I’ve been able to resolve this by excluding the directory where I store all my development work (/Users/scott/Developer/
) from being indexed by Spotlight. This is obviously not a fix, it’s a workaround for what is very definitely a bug: mediaanalysisd
is throwing errors for the same handful of files repeatedly and constantly. Just random files stored in my home directory - there’s nothing wrong with them. My Photos library contains about 12,000 items and I’ve got hundreds of other images and videos strewn about my home directory, but for whatever reason it’s just the few locations mentioned below that are resulting in errors.
I will report this to Apple, but I’m not sure how, and I have no expectation of a response which makes the process feel a bit futile. But pop “mediaanalysisd” into your preferred search engine and you’ll get hundreds of hits for Reddit posts or Apple Community posts from people asking what the hell mediaanalysisd
is and why it’s consuming so many system resources. I can’t find any documentation about this process, it doesn’t have a man
page, and none of the errors it outputs are actionable. I am not in control of this particular corner of my Mac, and I do not like that.
The only thing I can find that looks remotely like my particular problem is from this Mastodon thread by user Glyph back in February 2025. A couple of extracts:
Okay after looking at fs_usage from this process, the stuff it is repeatedly scanning is just … some images I have in my Documents folder, and … the image resources attached to various Python installations?!!
And:
…when you deploy software to an operator, even if that operator is relatively non-technical, you MUST supply some sort of operator-facing surface that makes its behavior legible.

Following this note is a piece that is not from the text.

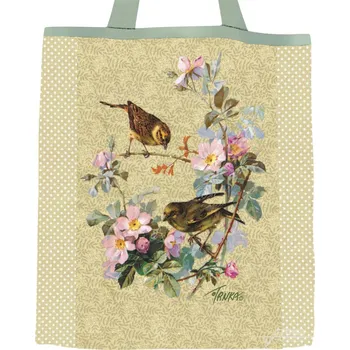 Plátěná nákupní taška, Jarní píseň s béžovými puntíky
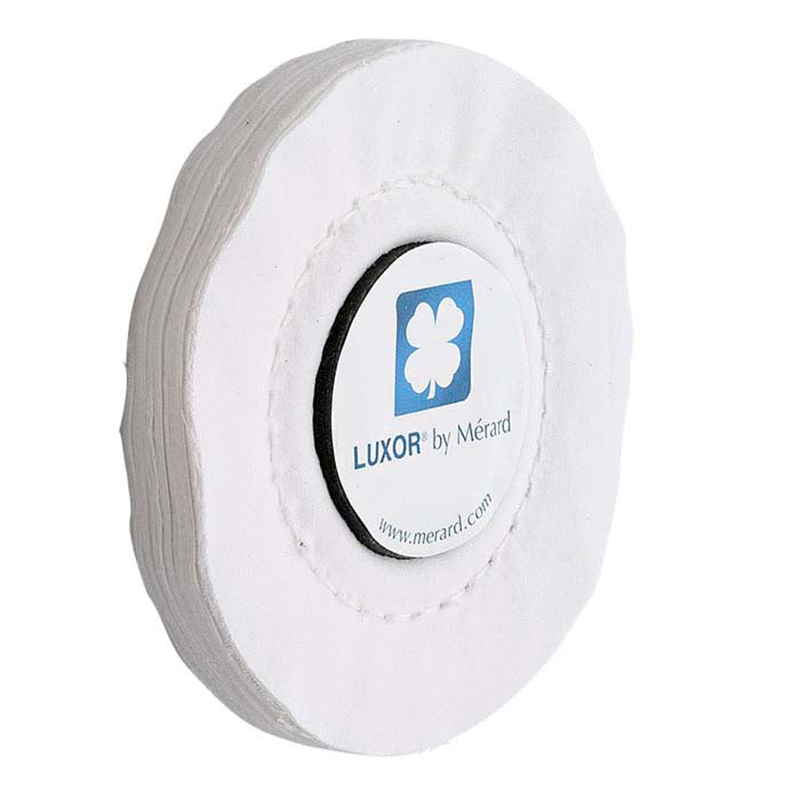 luxor® merard tpb fabrics Front three-quarter angle of the LUXOR by MÉRARD TPB cotton polishing disc displaying concentric stitching lines and compact thickness.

Nicely said. Anyway, here’s a bit more about my thing. This is after a couple of days of futzing around with different tools trying to get some actionable data. It’s also worth pointing out that the paths mentioned below haven’t changed for months, sometimes years. I didn’t suddenly add hundreds of new media files to my home directory or anything like that.
So in one Terminal window I ran sudo fs_usage mediaanalysisd | grep 'open.*Users\/scott\/'
. That will start outputting all filesystem activity generated by a process called “mediaanalysisd”, filtered to just lines which contain “open” events for stuff in my home directory to reduce as much noise as possible.
In another terminal window: log stream --process mediaanalysisd
. That streams anything sent to the system log by mediaanalysisd
.
The numbers below were taken after running those commands and walking away from my Mac for about 3 hours.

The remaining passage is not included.